In der von westlichen Medienmachern gern praktizierten selbst-referentiellen Art wurden sie als ‚Vogelscheuchen’ dargestellt. Mit selbst gebastelten Ting Mong Puppen wird in Kambodscha seit jeher Schutz vor drohenden Krankheiten praktiziert. © Miguel Jeronimo

In Kambodscha gab es bis Anfang 2021 keinen größeren Ausbruch der Corona-Pandemie. Doch Informationen über Schutzmaßnahmen erreichen die Menschen auf dem Land kaum. Umso wichtiger sind traditionelle Riten, die vor Krankheit bringenden Geistern schützen sollen.

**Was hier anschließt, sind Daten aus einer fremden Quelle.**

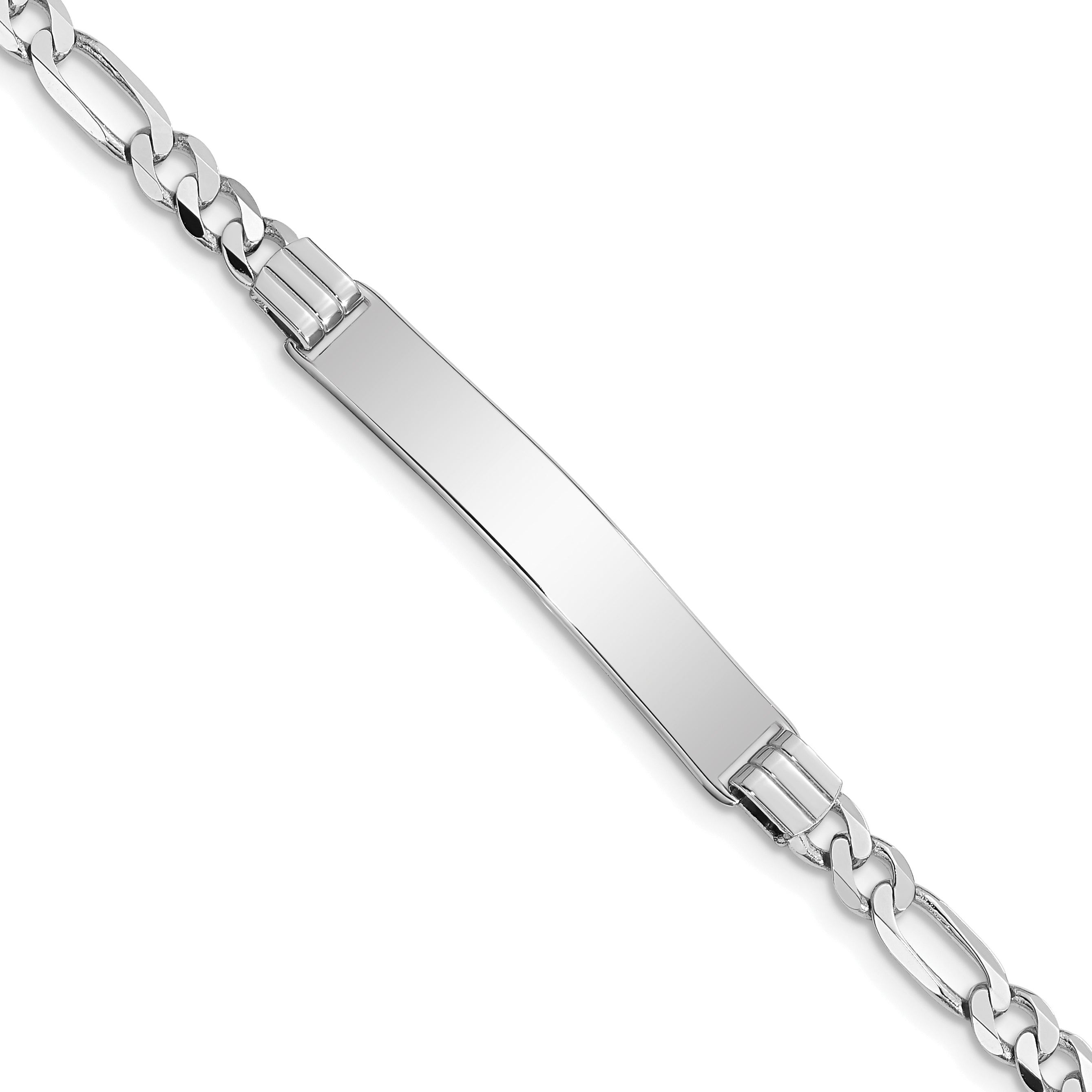 8 Inch 14K Wg Figaro Link Id Bracelet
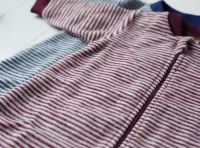 Baby Schlafsack von Lilano aus Wollfrottee Plüsch in Ringel beere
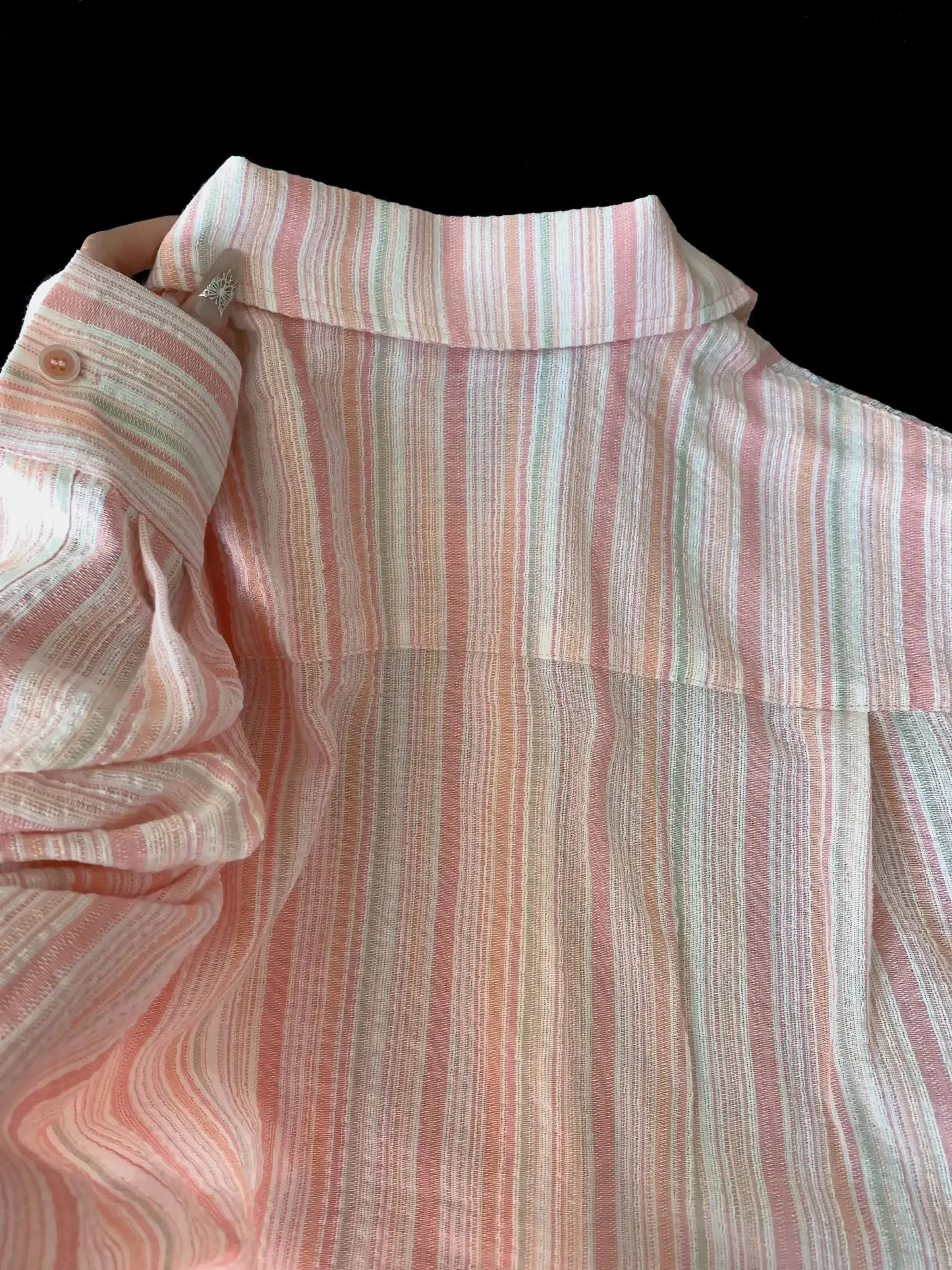 Early Autumn Sweet Striped Polo Collar Long Sleeved Shirt Womens Autum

Das Corona-Virus hat Kambodscha im März 2020 erreicht. Seitdem ist die Zahl der bestätigten Covid-19 Fälle konstant niedrig geblieben. Die strengen Maßnahmen zur Eindämmung der Pandemie (Schulschließungen, Einschränkung des in- und ausländischen Reiseverkehrs) wurden nach dem Besuch des später positiv getesteten ungarischen Außenministers Péter Szijjártó in Kambodscha sogar von der WHO gelobt. Die niedrigen Werte sind vermutlich auch auf die geringen Zahlen von Covid-19 – Tests zurückzuführen. Aber einen weit reichenden Ausbruch mit vielen Toten hat Kambodscha bisher nicht erlebt (keine bestätigten Corona-Todesfälle, Stand 14.01.2021).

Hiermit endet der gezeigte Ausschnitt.